En tiempos de la llamada posverdad, mentir con cierta altura es un juego azaroso necesitado, incluso, de un dominio del arte escénico, del que carece el presidente, quizá debido a su naturaleza prepotente.
Sobran en él clichés y prejuicios, rematados por ignorancias desconcertantes que trata de capear recurriendo a una temeridad histriónica que, en mucho, supera a los populistas tradicionales de ese país, entrenados en argucias y manipulaciones.
Pero quien, observándole las manos, los rasgos faciales, los tonos de voz, lo vea mentir desbocadamente en temas como los que en la actualidad lo mantienen a dos pasos del barranco, comprenderá que sus recursos expresivos, propios del Reality show que una vez lo popularizó en programas de televisión, han perdido brillo, se tornan ineficaces, a no ser para aquellos que se identifican ciegamente con los desvalores (ya se sabe cuáles) por él propugnados.
Las muchas mentiras reiteradas contra viento y marea, la repetición mecánica de gestos, enfados y sonrisas circunstanciales, han debilitado las técnicas del showman, frente a realidades demasiado contundentes para ser disfrazadas.
Ya en materia de pura actuación –esa línea artística imperceptible entre la verdad y la mentira– no tenía mucho de qué ufanarse Trump.
Así lo demuestran las 12 o 13 películas en las que, sin roles protagónicos, a veces solo cameos, se ha dejado ver, casi siempre asumiendo papeles relacionados con su propia vida de exitoso empresario.
La primera de esas cintas, rodada con la monumental Bo Derek, es una supuesta fábula erótica realizada en 1989 y lleva por título Los fantasmas no pueden hacerlo. Ahí se le puede ver haciendo caritas al lado de la actriz; ella en el papel de una joven viuda que, tras el suicidio de su viejo marido (Anthony Quinn) trata de tomar desquite sexual con lo mejor que se le presente.
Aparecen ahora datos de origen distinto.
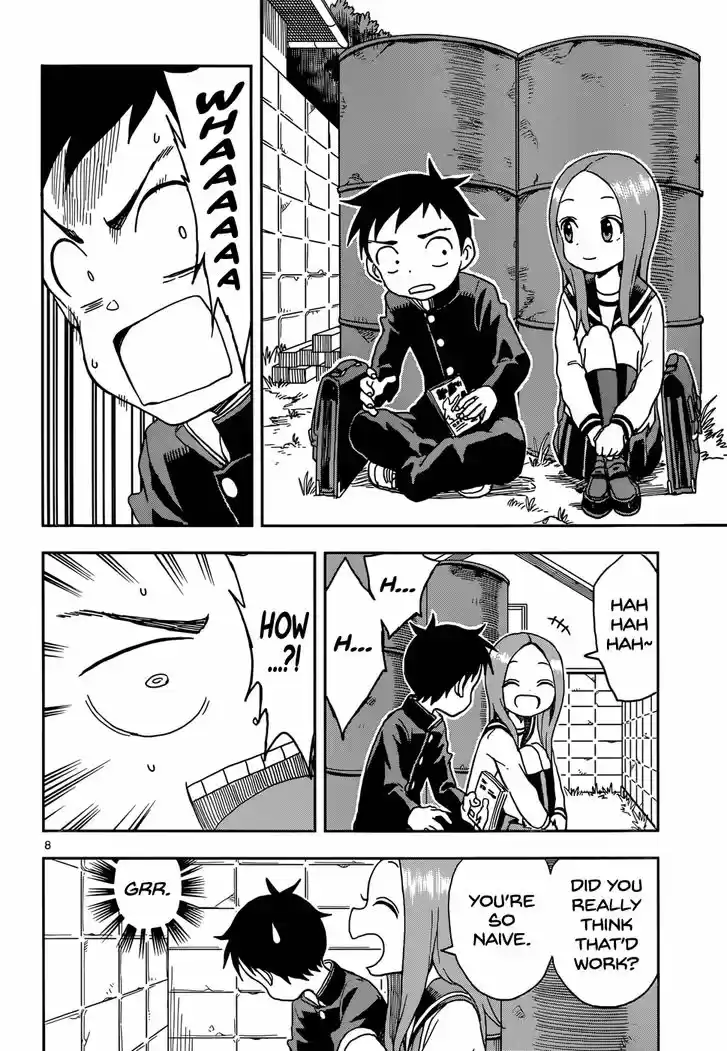 Karakai Jouzu no Takagi-san 79
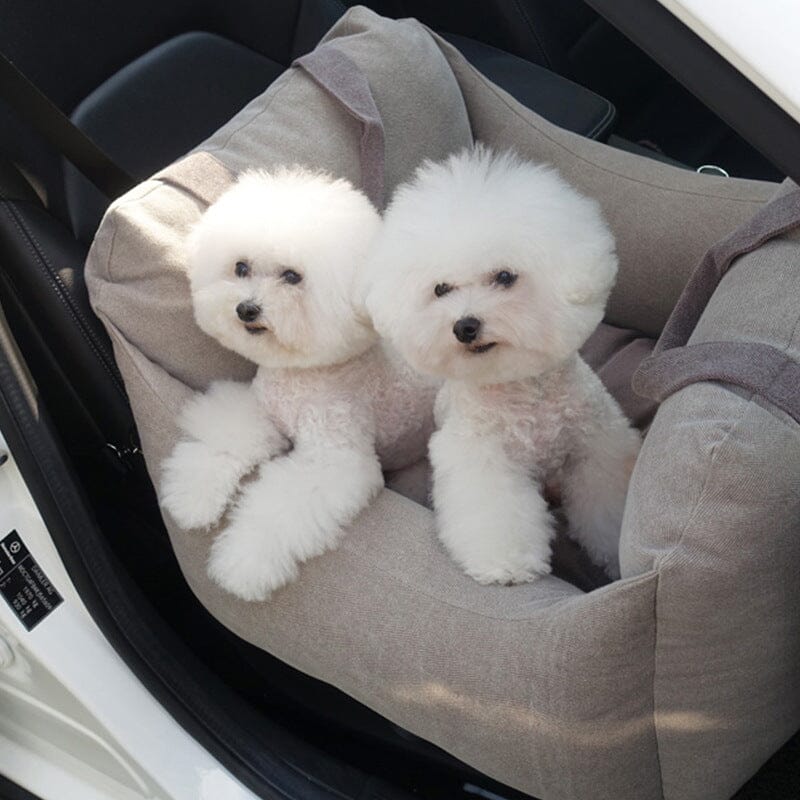 Pet Dog Car Carrier Seat Waterproof Basket Portable Car Seat Safety Travelling Mesh Hanging Bags Breathable Beds &amp; Sofas 0 Manwatstore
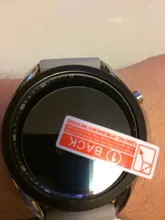 Película de vidrio templado Premium para reloj inteligente, accesorios protectores de pantalla para Samsung Galaxy Watch 3, 41MM /45MM, 2 uds.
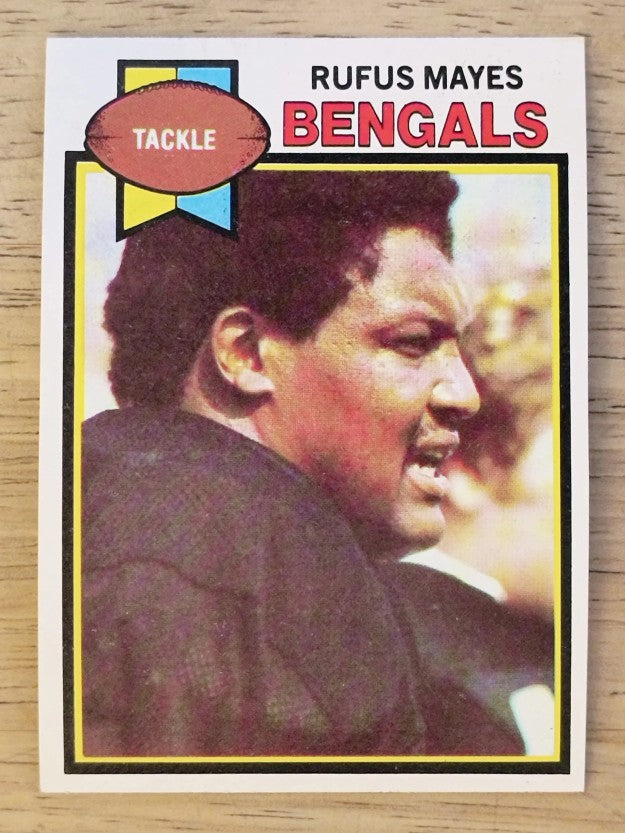1979 Topps #374 Rufus Mayes (NM)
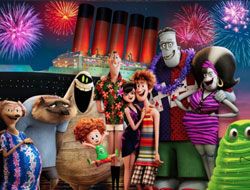 Hotel Transylvania 3 Swap Puzzle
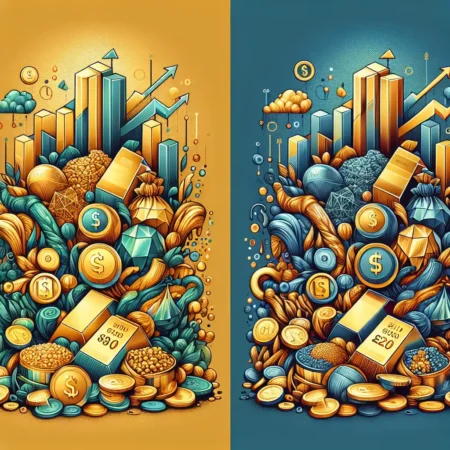 Investasi Emas vs. Saham: Mana yang Lebih Menguntungkan?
De «abominación cinematográfica» calificó la crítica la película dirigida por John Derek. Donald Trump, por su parte, recibió dos nominaciones a los premios Razzie, encargados de «premiar» lo más infame de la producción de ese año: Peor Actor de Reparto y Peor Nueva Estrella. El primero lo ganó sin objeciones; el segundo le fue arrebatado a última hora por Sofia Coppola (El Padrino, tercera parte).
Por supuesto que el actor Donald Trump no asistió a la entrega de los Razzie. «No me los merecía», se le oyó decir entonces.
Pero el tema de sus justificaciones sería otro expediente.